Find top category by video time spent
Company: Pinterest
Role: Data Scientist
Category: Data Manipulation (SQL/Python)
Difficulty: Medium
Interview Round: Technical Screen
Pandas required. You are given a DataFrame df with columns: user_id (int), pin_id (int), pin_type (str), category (str or None), time_spent_sec (numeric). Goal: among video pins, find the canonical category with the highest average time_spent_sec. Requirements:
- Consider pin_type values case-insensitively and treat 'vedio' as 'video' (data quality issue).
- Normalize category by lowercasing and stripping whitespace, then map via category_map; if a key is missing after normalization or category is null/empty, map to 'unknown'.
- Exclude rows where time_spent_sec is null or non-positive.
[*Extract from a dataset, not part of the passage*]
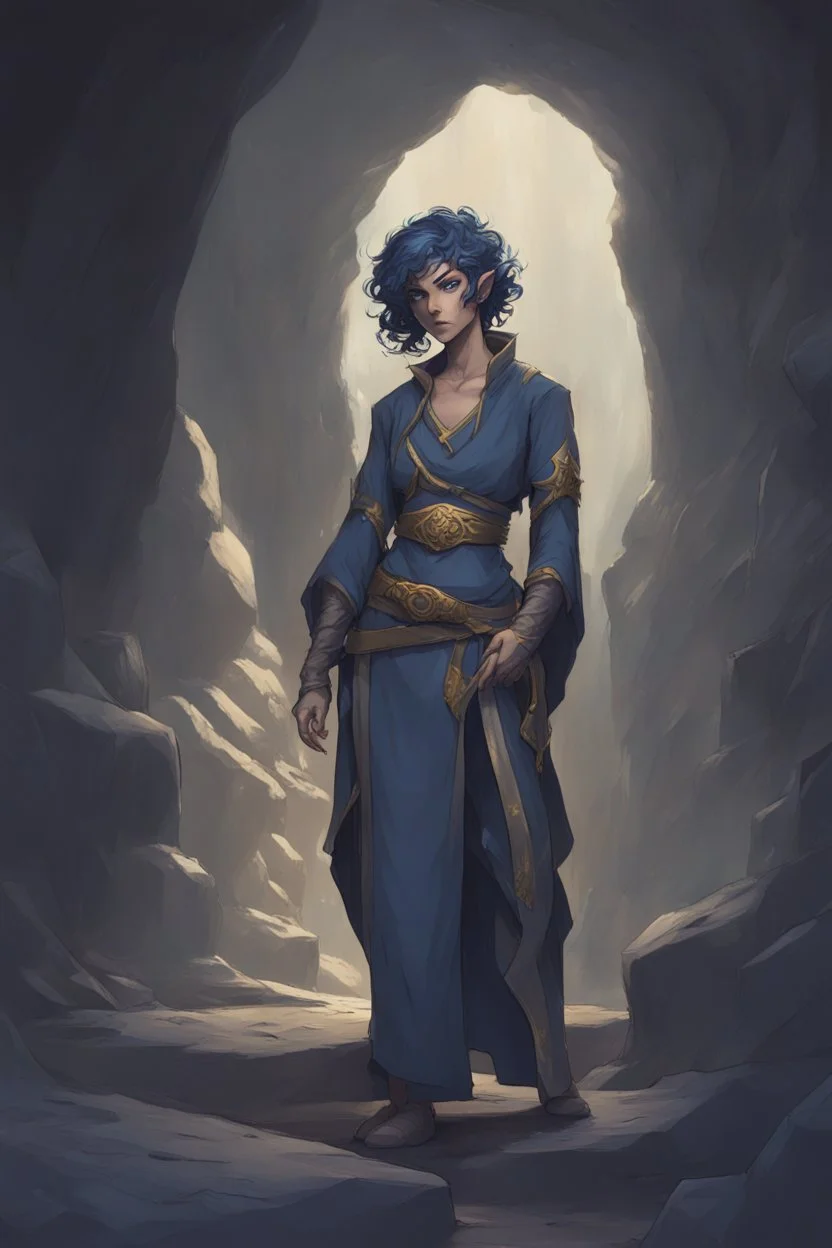 Dnd character in a dark cave. Leaning against a wall. A female Elf twilight cleric with super curly, super short, dark blue hair and golden eyes, wearing gray and dark blue robes. With tattoos. Etheral, very muscular, strong.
- Return a two-field result: top_category (str), avg_time_spent_sec (float, rounded to 2 decimals).
Example inputs
category_map = {
'home': 'lifestyle',
'food & drink': 'food',
'recipe': 'food',
'travel': 'travel'
}
df (illustrative rows)
user_id | pin_id | pin_type | category | time_spent_sec
1 | 10 | 'video' | 'Food & Drink' | 120
2 | 11 | 'video' | None | 200
3 | 12 | 'static' | 'Home' | 90
4 | 13 | 'video' | 'Recipe' | 240
5 | 14 | 'video' | 'DIY' | 180
6 | 15 | 'vedio' | 'food & drink ' | 60
What is the top_category and its average time among video pins after mapping and cleaning?
Quick Answer: This question evaluates proficiency in pandas-based data manipulation and aggregation, testing competencies in data cleaning, normalization, mapping, filtering, and computing summary statistics.